Barbaric consequences to “show me yours and I’ll show you mine” in a digital world

By Sandy. . . Imagine being fourteen years old today, in a world where technology is changing the rules faster than they are being written.

John Grasso, a criminal defense attorney and a former police officer, has captured that situation with the brilliant and apt metaphor of stepping into quicksand. You don’t know it’s there until you are in it, and if you don’t go in over your head with the first step, one slight move in the wrong direction will pull you to the bottom, cutting off air and light and squeezing the life from your helpless body.

This is exactly what putting a fourteen-year-old on the sex offender registry does, and this is what the Barrington, Rhode Island police did when they chose to charge a fourteen-year-old boy with distributing pornography for his participation in a sexting situation.

Rhode Island law allows this, but it also gives other choices. The fourteen-year-old girl who sent the sexually explicit selfies to her boyfriend was granted the benefit of one of those other choices. He was not. His foolishly passing them on to some friends of the same age is being charged the same as if he were a fully-grown man involved in a massive child pornography ring.

If convicted, he could go to prison, bad enough in itself, but the true, life-destroying punishment will kick in when he is forced to register as a sexual criminal on the Rhode Island sex offender registry. If convicted, that will happen whether he goes to prison or not.

And to what end?

Even though scientific studies show quite clearly that sex offender registries and all of the baggage that goes with them do not further the cause of public safety, let’s pretend for a moment that they do.

What is there about this boy-child that the public needs to be protected from? If another girl-child sends him nude selfies, is he likely, given what he is going through now, to again send them to his friends? Is he at risk of graduating from teenage stupidity to molesting children in the park? Will he stay fourteen forever, locked for life into the hormone-driven, impulsive poor-decision making that characterize the teen years?

Or is he so traumatized by this situation that he has, without doubt, learned all the lessons he needs to learn and some that he didn’t?

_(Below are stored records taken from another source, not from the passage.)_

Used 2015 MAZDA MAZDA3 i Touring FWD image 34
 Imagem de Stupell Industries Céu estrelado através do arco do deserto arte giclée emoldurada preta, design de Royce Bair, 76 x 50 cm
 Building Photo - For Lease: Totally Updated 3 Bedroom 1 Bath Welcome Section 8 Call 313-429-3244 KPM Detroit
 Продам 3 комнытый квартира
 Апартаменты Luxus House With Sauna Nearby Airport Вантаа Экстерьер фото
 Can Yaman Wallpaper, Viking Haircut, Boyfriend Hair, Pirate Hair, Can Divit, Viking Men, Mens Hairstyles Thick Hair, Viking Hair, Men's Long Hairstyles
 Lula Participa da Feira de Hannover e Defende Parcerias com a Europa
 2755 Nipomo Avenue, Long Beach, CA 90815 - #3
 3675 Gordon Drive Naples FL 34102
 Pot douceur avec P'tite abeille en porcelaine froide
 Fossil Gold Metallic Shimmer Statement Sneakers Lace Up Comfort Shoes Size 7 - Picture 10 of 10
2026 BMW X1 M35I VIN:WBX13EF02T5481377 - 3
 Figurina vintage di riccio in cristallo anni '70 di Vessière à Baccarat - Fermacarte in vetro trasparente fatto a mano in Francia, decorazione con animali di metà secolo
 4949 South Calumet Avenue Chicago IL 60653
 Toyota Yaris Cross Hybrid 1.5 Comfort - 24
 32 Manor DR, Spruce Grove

And what of the police department that is choosing to charge him with felony child pornography? One choice, the most lenient, would almost certainly have been sufficient to assure this behavior would not be repeated by him. Even the choice bestowed upon the young lady who took and sent the selfies in the first place would have been kinder. A conviction for sexting, the crime with which she is charged, is not a felony, and it precludes sex offender registration.

The third option, the one being visited upon the fourteen-year-old young man, is not lenient; it is not kind; it is, by anyone’s standards, cruel, even malicious. It is what happens when those in authority decide that the collateral consequence of a young life is worth their showing how tough they are on crime.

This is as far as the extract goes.